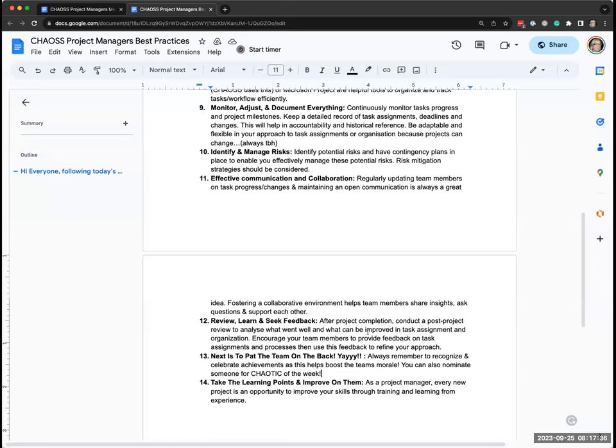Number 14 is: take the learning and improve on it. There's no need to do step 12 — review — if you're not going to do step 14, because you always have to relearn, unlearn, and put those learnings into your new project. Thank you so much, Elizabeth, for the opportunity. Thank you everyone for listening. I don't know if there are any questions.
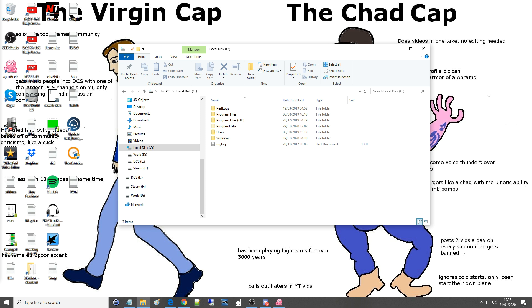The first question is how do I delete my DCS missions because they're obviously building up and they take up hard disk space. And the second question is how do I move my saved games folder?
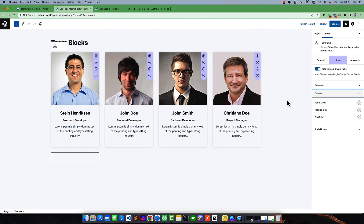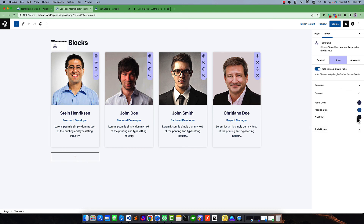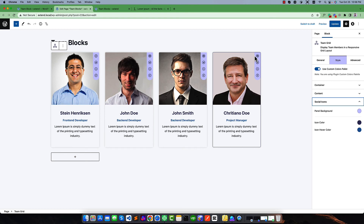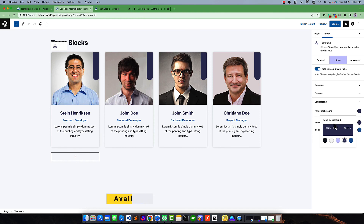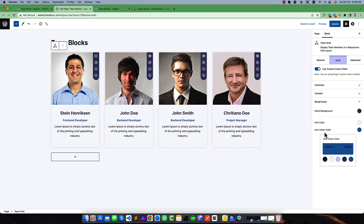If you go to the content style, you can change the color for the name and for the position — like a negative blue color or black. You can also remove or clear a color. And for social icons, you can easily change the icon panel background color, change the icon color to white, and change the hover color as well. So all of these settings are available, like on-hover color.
...
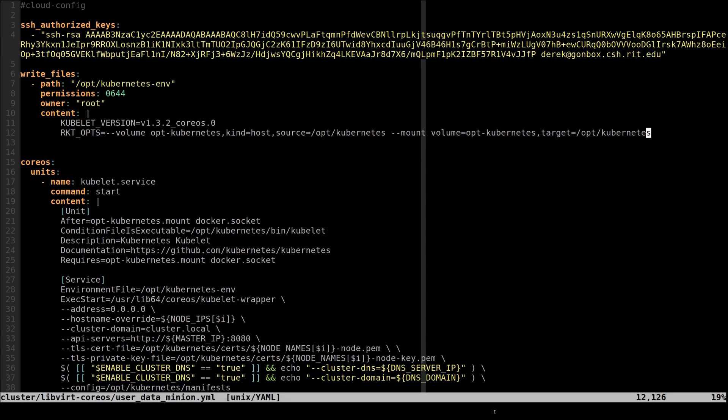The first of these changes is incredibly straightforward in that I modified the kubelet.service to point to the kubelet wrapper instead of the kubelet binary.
--
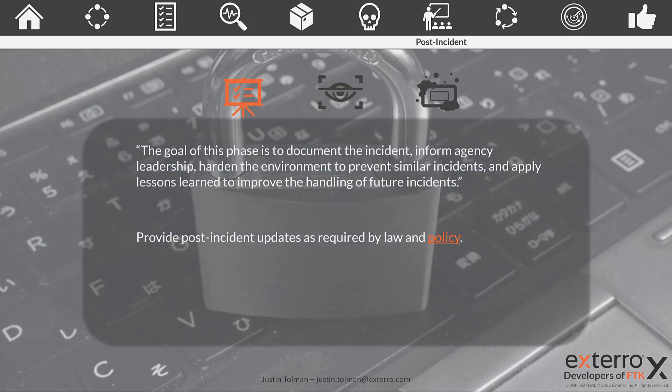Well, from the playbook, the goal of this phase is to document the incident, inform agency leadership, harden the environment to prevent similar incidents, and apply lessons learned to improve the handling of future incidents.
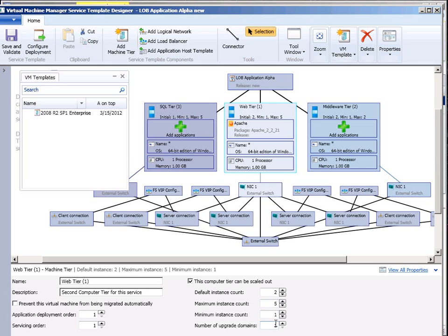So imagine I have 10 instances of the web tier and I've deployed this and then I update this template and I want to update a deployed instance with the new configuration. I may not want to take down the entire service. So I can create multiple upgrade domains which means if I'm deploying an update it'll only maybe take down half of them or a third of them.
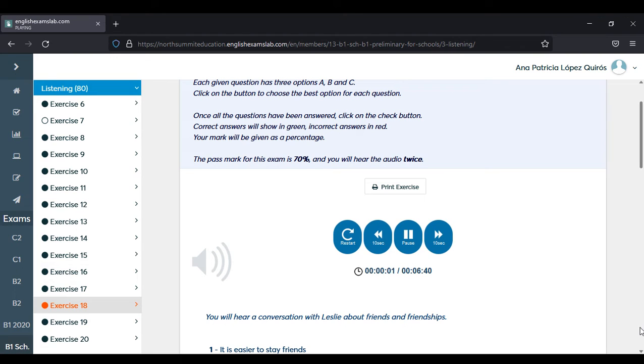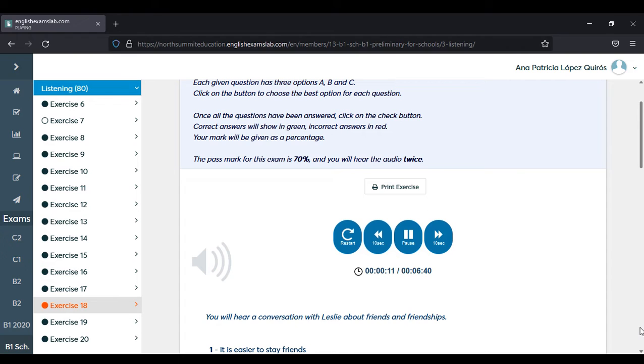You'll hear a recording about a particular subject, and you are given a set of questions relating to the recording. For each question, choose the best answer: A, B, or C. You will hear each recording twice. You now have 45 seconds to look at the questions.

Aim of the task
Above is the material; set down exactly its lines from the one containing "Number 14 is: take" down to the one containing "If you go to", both included, leaving out any pictures.

Exercise result
Number 14 is: take the learning and improve on it. There's no need to do step 12 — review — if you're not going to do step 14, because you always have to relearn, unlearn, and put those learnings into your new project. Thank you so much, Elizabeth, for the opportunity. Thank you everyone for listening. I don't know if there are any questions.
The first question is how do I delete my DCS missions because they're obviously building up and they take up hard disk space. And the second question is how do I move my saved games folder?
If you go to the content style, you can change the color for the name and for the position — like a negative blue color or black. You can also remove or clear a color. And for social icons, you can easily change the icon panel background color, change the icon color to white, and change the hover color as well. So all of these settings are available, like on-hover color.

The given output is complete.